18. Voor zover in de “Article 15 declaration” van de Australian Government van 12 juni 2007 is betoogd - en door de Centrale Autoriteit ter zitting in hoger beroep is bepleit - dat te dezen artikel 65Z Family Law Act 1975 – handelende over het máken van een parenting order - van toepassing zou zijn, gaat het hof daaraan voorbij nu uit genoemd wetsartikel niet blijkt dat de rechtskracht van de tussen partijen vaststaande parenting order van 2 juni 2005 is opgehouden te bestaan, althans is komen te vervallen, op de enkele grond dat de vader in maart 2007 bij de ‘Family Court of Australia’ te Brisbane kennelijk een verzoek heeft ingediend ‘seeking parenting/property orders’. Bovendien blijkt uit de tekst van artikel 65 Z niet, dat de toestemming door een partij eerst na het instellen van een nieuwe procedure zou moeten worden verleend. Deze voorwaarde wordt blijkens artikel 65Z wel aan een rechterlijke toestemming verbonden, doch niet aan een door een partij te geven toestemming. Overigens heeft de Centrale Autoriteit niet kunnen aangeven op grond van welke wettelijke bepaling artikel 65Z van de Family Law Act 1975 in de onderhavige situatie (dwingend) van toepassing moet worden geacht, en evenmin valt dit te lezen in de “Article 15 Declaration”.
Naar het oordeel van het hof voorziet artikel 65 X, tweede lid, Family Law Act 1975 daarin niet, omdat te dezen niet sprake is van de situatie weergegeven in artikel 65 X als: “if an appeal against a decision of a court in proceedings has been instituted and is pending”, maar van een – bijna twee jaren nadien – ingediend verzoek tot het ter zijde stellen van een eerdere “parenting order”.
Het hof verwerpt hiermee ook de stelling van de Centrale Autoriteit, dat de moeder op het moment van overbrenging niet langer gerechtigd zou zijn om zonder voorafgaande instemming van de Australische rechter de gewone verblijfplaats van [de minderjarige] te wijzigen en dat aan de Australische rechter een (gedeeltelijk) gezagsrecht zou zijn overgedragen. Nog daargelaten of een zodanig overgedragen gezagsrecht een gezagsrecht is in de zin van artikel 5 van het HKOV, uit artikel 65Y blijkt - en overigens ook uit artikel 65Z - dat een toestemming van partijen volstaat.
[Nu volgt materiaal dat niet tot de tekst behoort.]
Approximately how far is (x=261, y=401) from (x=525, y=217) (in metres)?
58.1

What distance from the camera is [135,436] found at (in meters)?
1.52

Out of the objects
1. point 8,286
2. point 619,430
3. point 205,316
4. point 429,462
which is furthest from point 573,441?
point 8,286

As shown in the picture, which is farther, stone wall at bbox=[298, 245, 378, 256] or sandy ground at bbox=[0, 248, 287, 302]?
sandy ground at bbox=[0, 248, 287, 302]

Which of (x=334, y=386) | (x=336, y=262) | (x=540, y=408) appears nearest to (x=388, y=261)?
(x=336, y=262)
19. Uit bovenstaande overwegingen volgt dat naar het oordeel van het hof geen sprake is van schending van artikel 3 jº 5 van het HKOV in de zin dat de moeder [de minderjarige] ongeoorloofd heeft overgebracht naar Nederland en aldaar heeft achtergehouden zodat het verzoek tot onmiddellijke teruggeleiding van [de minderjarige] naar Australië wordt afgewezen.
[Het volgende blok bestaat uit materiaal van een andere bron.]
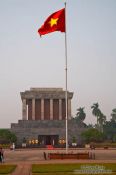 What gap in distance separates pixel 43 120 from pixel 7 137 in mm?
15084

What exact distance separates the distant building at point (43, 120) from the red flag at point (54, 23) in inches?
2265

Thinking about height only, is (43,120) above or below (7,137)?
above

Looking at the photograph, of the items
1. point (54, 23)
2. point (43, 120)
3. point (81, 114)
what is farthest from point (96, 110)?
point (54, 23)

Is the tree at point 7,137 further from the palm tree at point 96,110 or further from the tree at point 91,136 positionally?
the palm tree at point 96,110

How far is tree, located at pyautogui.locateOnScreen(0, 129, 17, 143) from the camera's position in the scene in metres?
94.6

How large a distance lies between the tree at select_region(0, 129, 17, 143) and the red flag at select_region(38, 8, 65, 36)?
5658 cm

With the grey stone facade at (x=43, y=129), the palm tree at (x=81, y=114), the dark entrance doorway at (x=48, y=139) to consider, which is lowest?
the dark entrance doorway at (x=48, y=139)

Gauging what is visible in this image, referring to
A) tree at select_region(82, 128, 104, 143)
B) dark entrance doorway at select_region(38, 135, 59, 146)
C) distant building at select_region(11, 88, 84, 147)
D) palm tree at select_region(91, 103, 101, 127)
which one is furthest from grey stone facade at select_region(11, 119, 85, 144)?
palm tree at select_region(91, 103, 101, 127)

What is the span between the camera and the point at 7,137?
94375mm

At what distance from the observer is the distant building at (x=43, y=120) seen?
101625 millimetres

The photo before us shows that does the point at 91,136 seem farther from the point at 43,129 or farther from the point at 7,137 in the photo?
the point at 7,137

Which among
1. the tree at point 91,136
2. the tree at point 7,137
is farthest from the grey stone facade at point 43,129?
the tree at point 7,137

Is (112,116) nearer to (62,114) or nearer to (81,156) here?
(62,114)

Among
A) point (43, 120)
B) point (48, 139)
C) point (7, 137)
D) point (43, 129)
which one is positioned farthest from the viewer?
point (43, 120)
20. In het licht hiervan behoeven de overige grieven van de moeder geen bespreking meer.
21. Gelet op het bovenstaande dient de bestreden beschikking te worden vernietigd en als na te melden te worden beslist.
BESLISSING OP HET HOGER BEROEP
Het hof:
vernietigt de bestreden beschikking en, opnieuw beschikkende:
wijst het inleidende verzoek van de Centrale Autoriteit af;
wijst af het meer of anders verzochte.
Deze beschikking is gegeven door mrs. Mink, Pannekoek-Dubois en Mos-Verstraten, bijgestaan door mr. Steenks als griffier, en uitgesproken ter openbare terechtzitting van 14 november 2007.